This Friday night concert is a once-in-a-lifetime experience: the stars – violin soloist Simone Lamsma, WASO Principal Conductor Asher Fisch and the orchestra itself – aligned; the elements – Richard Strauss’ tone poem Macbeth, Bruch’s Violin Concerto No. 1 in G minor and Robert Schumann’s Symphony No. 4 in D minor – fused.

The resulting alchemy sets the stage ablaze.

Strauss’s Liszt-inspired early essay in the tone poem is as combustible as it is compact, painting not just a vivid double portrait of the characters Macbeth and Lady Macbeth but the doom-laden trajectory of their entwined fates.

Simone Lamsma, Asher Fisch and WASO. Photo © Daniel James Grant

Right from the ominous introduction, Fisch and WASO have the measure of these unsavoury yet compelling personalities. Implacable, they drive the latter’s themes – one refulgent in brass, the other seductively clothed in skeins of winds and violins – through Strauss’s hellish modulations, motivic transformations and calamitous counterpoints with a febrile operatic excess bordering on the unhinged.

The much-needed catharsis is left to the Bruch. And not just to those big tutti climaxes which Fisch and WASO so fervently and full-bloodedly despatch. 

For in the Dutch violinist Simone Lamsma, it is as though Bruch has found his ideal prophet of the future, such is her ability to so fully inhabit the music. When playing her 1703 Stradivarius “Aurora ex-Foulis”, everything seems effortless yet incandescently intense, from the most virtuosic to the most lyrical passages; when not playing, she sways to the orchestra such that she and Fisch seem more dancing partners than soloist and conductor. 

Structurally and emotionally, this is Strauss’ Macbeth in reverse, moving from a brooding, tenebrous gathering of fragments through a redemptive aria of sublime purity to a triumphant major-key finale bursting with folk-like exuberance. 

Lamsma’s encore, the final movement from Paul Hindemith’s Sonata Op.11 No. 6 for solo violin, is just plain insane – but in a good way. 

Simone Lamsma, Asher Fisch and WASO. Photo © Daniel James Grant

There is something of the tone poem – or certainly the orchestral fantasia; indeed, it originally wore the label of “symphonic fantasia” and we also feel its kinship with the improvisatory first moment of the much later Bruch – in Schumann’s Symphony No. 4, written in 1841 but revised a decade later.

Written in four movements to be performed attacca, it’s a veritable double portrait of the composer’s alter egos, the fiery Florestan and the contemplative Eusebius. Not for nothing has it been called the most “Schumannesque” of his four symphonies.

Fisch and WASO last performed this work in November 2017. Naturally, I can’t recall the details of that earlier performance. But I do remember its impact, as one remembers falling in love for the first time. Or being hit by a truck, lol.

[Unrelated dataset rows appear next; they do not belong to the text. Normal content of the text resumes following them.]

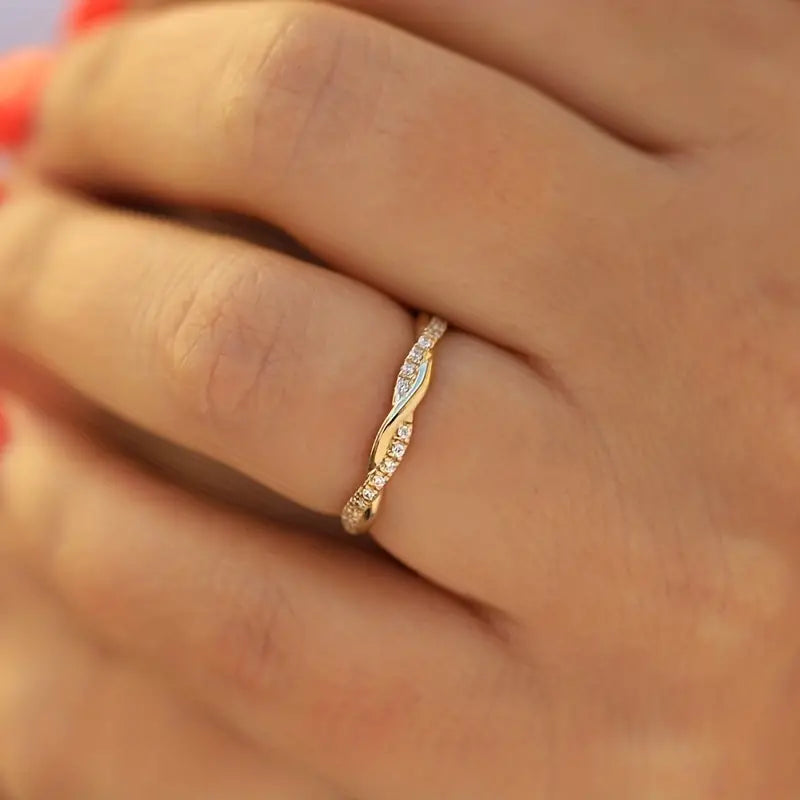 Heidi Mode Gedrehter Ring – Elegantes Design & Zeitlose Anmut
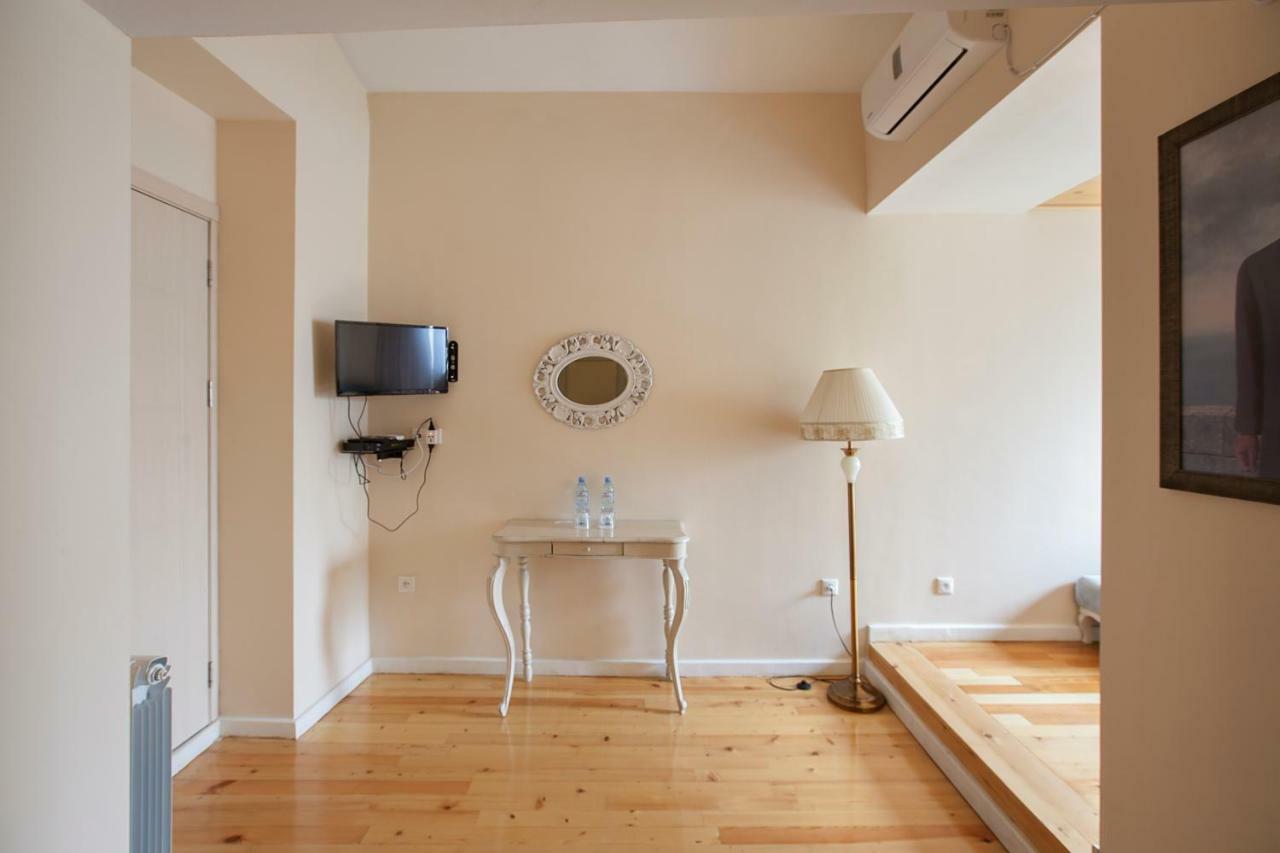 Caravan Villa Tbilisi Exteriör bild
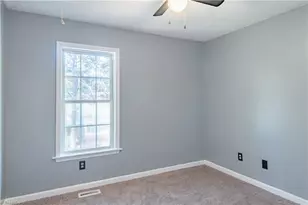 2822 Lomond St, Winston-Salem, NC 27127 - Photo 17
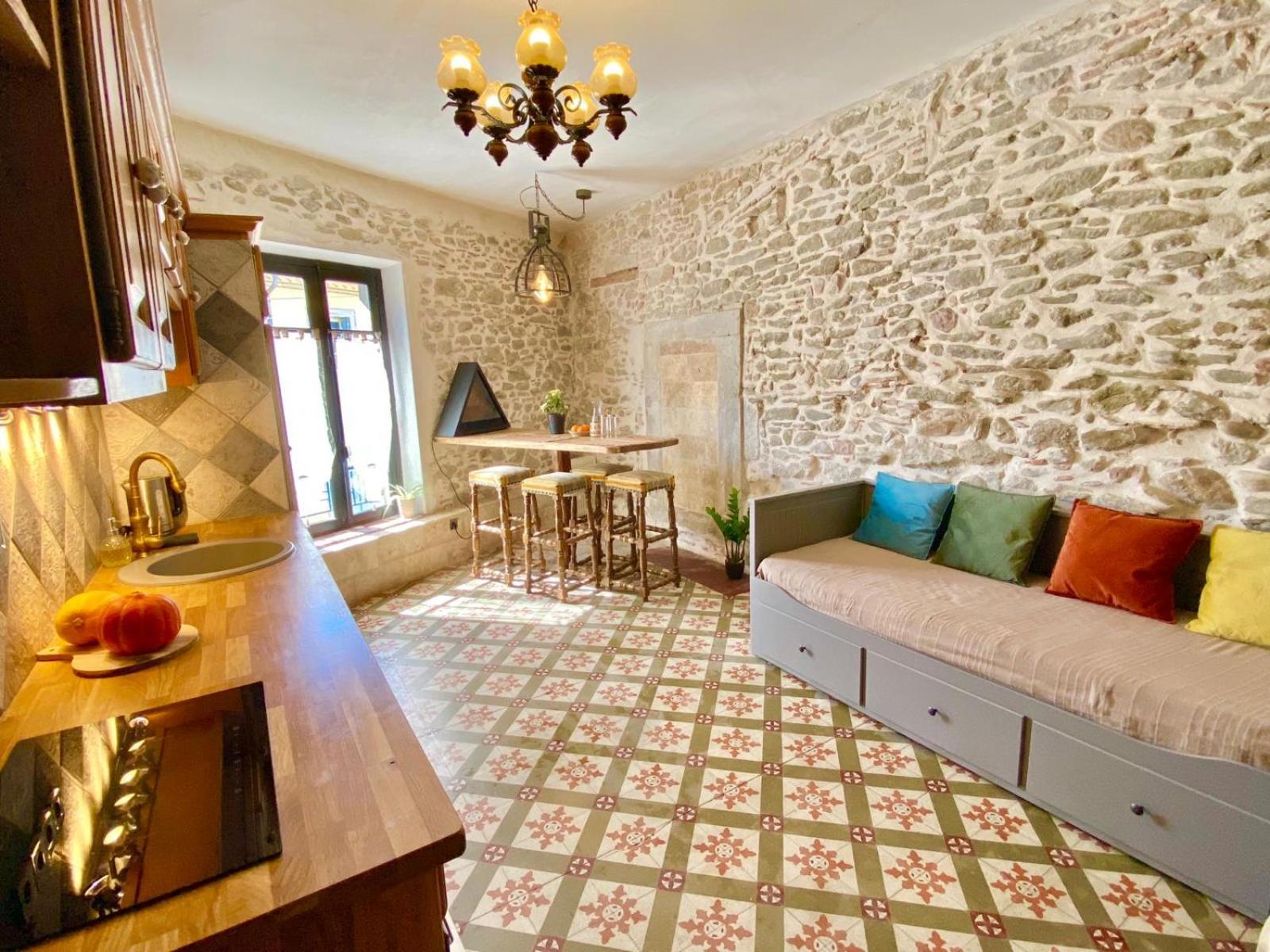 La Maison Des Templiers ~ Ostal Medieval ~ Logis Enchantes Каркассонн Екстер'єр фото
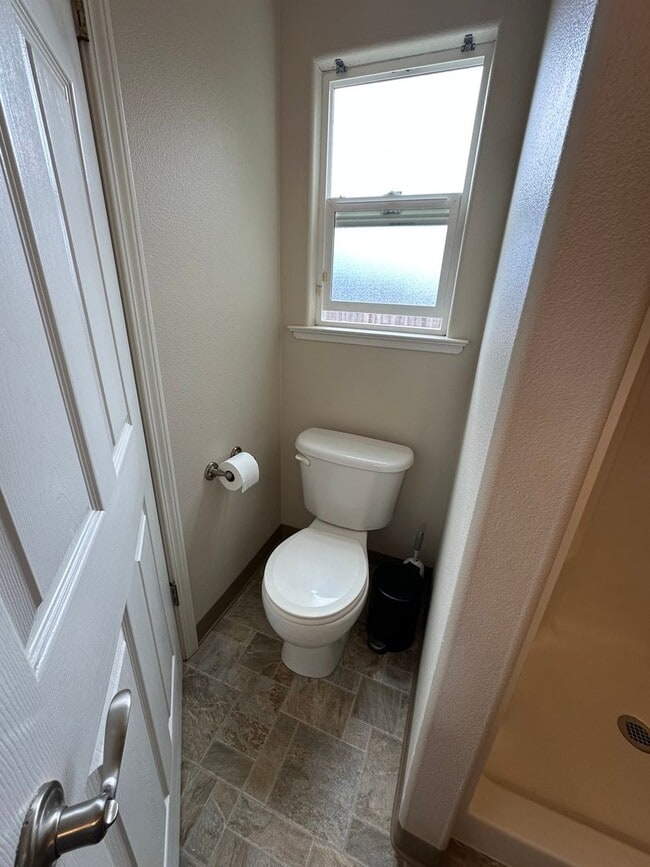 Building Photo - Sunny 3 Bedroom, 2 full bath w/Solar and B...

I can’t begin to tell you how many live performances and recordings of this work I’ve heard. Few have come close to the way Fisch so clearly articulates the ubiquity and dynamism of the cyclical and thematic material while generating a precipitous forward momentum – even delicately yet persuasively during the beautiful second movement Romanze – of such potency and power.

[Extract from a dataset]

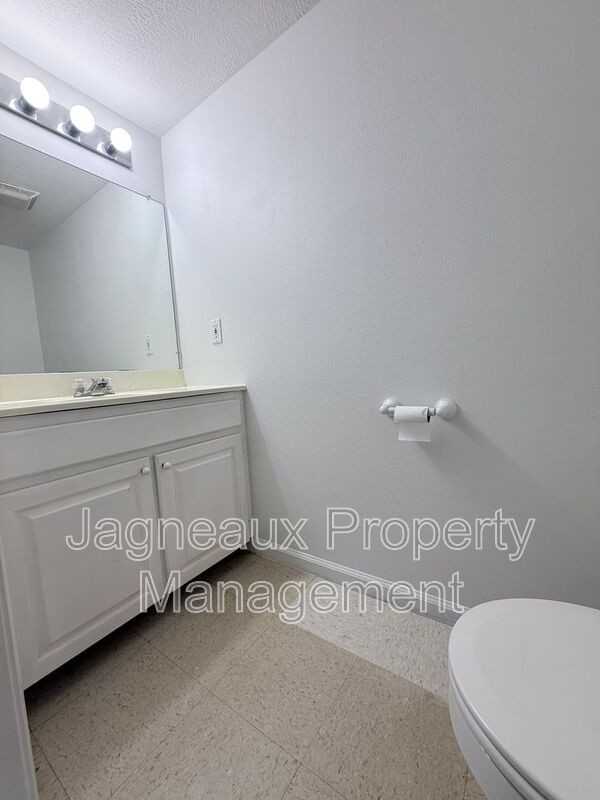 201 Crystal Ln - Photo 7 of 8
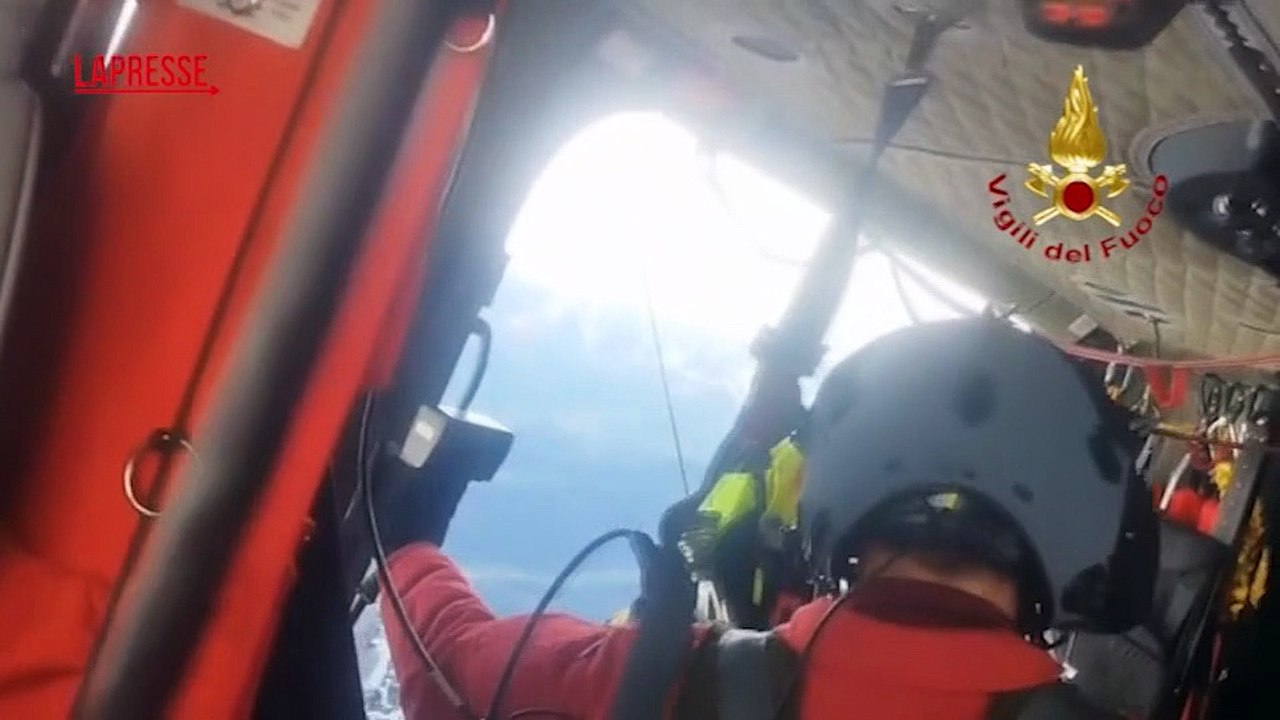 Vicenza, escursionisti in difficolt? sulla strada delle 52 gallerie: salvati dai vigili del fuoco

Simone Lamsma, Asher Fisch and WASO. Photo © Daniel James Grant

Much of this has to do with the sharply accented cadential material, particularly in the accelerating first movement and the third movement Scherzo. But it is the sheer detail and inner tension within and among the various sections of the orchestra which contributes to, and contextualises, these gut-punch moments, strings, winds, brass and percussion so brilliantly balanced.

As we hurtle towards D major in the final movement’s coda, one already knows that this is indeed a once-in-a-lifetime experience. That we have kissed joy as it flies.